Le diable, c’est bien connu, à force de se croire malin, se prend parfois à ses propres ruses. Cela lui est arrivé, au XIe siècle, quand, en voulant pousser au crime deux chevaliers, il a donné involontairement naissance à l’Ordre cistercien. Nous sommes en Bourgogne, dans la forêt de Colan entre Tonnerre et Chablis, vers 1040.

Deux seigneurs normands, frères, se rendent à la cour du duc Eudes participer à un tournoi. Et voilà qu’en cheminant à travers bois, à la même seconde, la même pensée leur traverse l’esprit : "Tu n’as qu’à tuer ton frère… Personne ne te verra en cette forêt profonde où tu te débarrasseras sans peine du cadavre que nul, jamais, ne retrouvera… Qui songera à te soupçonner ? Tu n’auras plus à partager avec lui l’héritage de votre père, qui n’est pas gros…" La tentation est si violente qu’elle ne peut être que satanique et les deux chevaliers, bons chrétiens, s’empressent de la conjurer à grand renfort de patenôtres, de sorte qu’ils émergent du bois vivants tous deux, pétrifiés de honte d’avoir songé au fratricide et se gardent, évidemment, de s’avouer la pensée qui leur est passée par l’esprit.

Chez l’ermite de Colan

Au retour, nos Normands reprennent la même route et, au même endroit qu’à l’aller, l’épouvantable suggestion revient, plus forte, irrésistible presque et il leur faut un incroyable effort de volonté pour ne pas s’entretuer. Ils s’aperçoivent alors que, dans les fourrés, un ermite a bâti sa hutte ; cet ermite est prêtre, apte à confesser.

Les chevaliers se précipitent à ses pieds, lui révèlent d’une seule voix le crime qu’ils ont failli commettre. Ils se regardent, stupéfaits, comprennent qu’ils ont échappé à une diablerie des plus infernales, et, d’un commun accord, renoncent à cet héritage qui a failli les pousser au pire ; désormais, ils partageront la vie de l’ermite.

D’autres hommes se joignent à eux et une petite communauté se crée.
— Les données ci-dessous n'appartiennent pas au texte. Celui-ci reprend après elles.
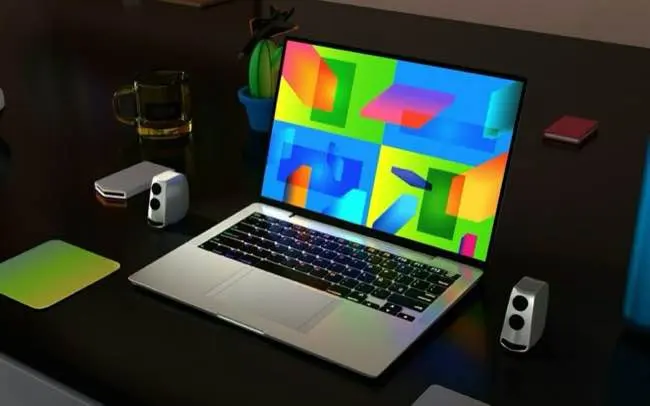 A sleek laptop on a modern desk displays colorful abstract art on its screen, surrounded by speakers, a mug, and a plant.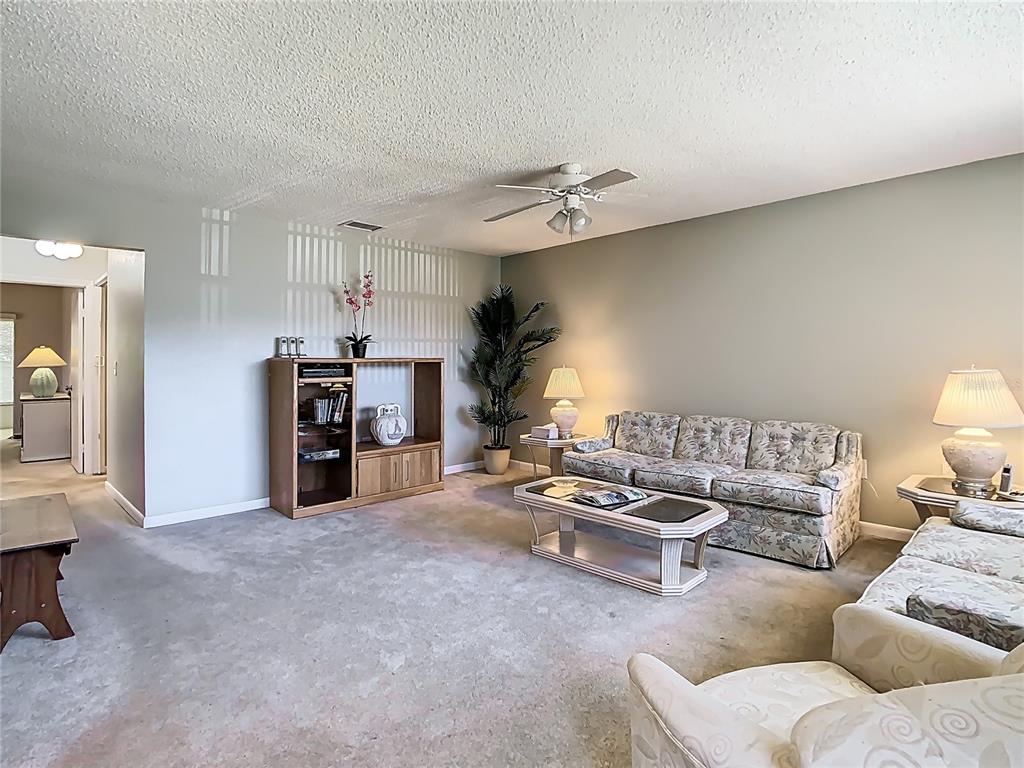 A living room features floral sofas, a wooden entertainment center, and a ceiling fan — 11917 BAYONET LANE UNIT 11917, NEW PORT RICHEY, FL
Quelques années après, ils sont sept, désireux de suivre la règle de saint Benoît et en quête d’un abbé pour les diriger. Un monastère bénédictin, il en existe un dans le voisinage, Saint-Michel de Tonnerre. Les ermites vont y frapper, et trouvent bon accueil auprès de l’abbé.

Celui-ci, né en 1017 à Troyes dans une puissante famille de la noblesse champenoise, se prénomme Robert. Voué à Dieu dès le sein de sa mère, qui a rêvé que Notre-Dame réclamait pour Elle l’enfant à naître, il est entré à quinze ans au noviciat du monastère bénédictin de Montier-la-Celle dont, avant d’avoir vingt ans, il a été élu prieur. Puis, il a été envoyé à Tonnerre, dans l’espoir que, par son exemple, sa ferveur, sa piété, ses jeûnes et ses mortifications, le nouvel abbé parviendra à réformer une communauté attiédie…

Il n’en a rien été. Robert est doux, accommodant, incapable de hausser le ton et de commander et ses moines, tout en reconnaissant sa très grande vertu, n’ont aucune envie de l’imiter et de revenir à la stricte observance bénédictine… C’est donc en vain qu’il a, par obéissance, renoncé à sa vie d’étude, de prière et de contemplation.

Dans ces conditions, la perspective d’échanger sa piètre communauté contre la jeune et dévote fondation lui convient ; hélas, elle ne sied pas à ses moines ! Si Robert s’en va, on leur enverra un abbé moins facile. Pas question de le lâcher ! Et Robert qui n’aime pas les querelles, reste à Tonnerre, avant d’être réexpédié à son premier monastère, puis nommé abbé du monastère de Provins. Que cela lui convienne ou pas, il obéit, laissant à Dieu le soin de le conduire où bon lui semble. 

Accablé par la richesse

Pendant ce temps, la communauté de Colan a écrit au pape Alexandre II et réclamé Robert comme supérieur. Le pape le leur donne. Robert obéit. Cette fois, il est heureux. Ses frères de Colan aspirent à la perfection et sont de bons moines. La communauté s’agrandissant, il faut trouver un emplacement mieux approprié.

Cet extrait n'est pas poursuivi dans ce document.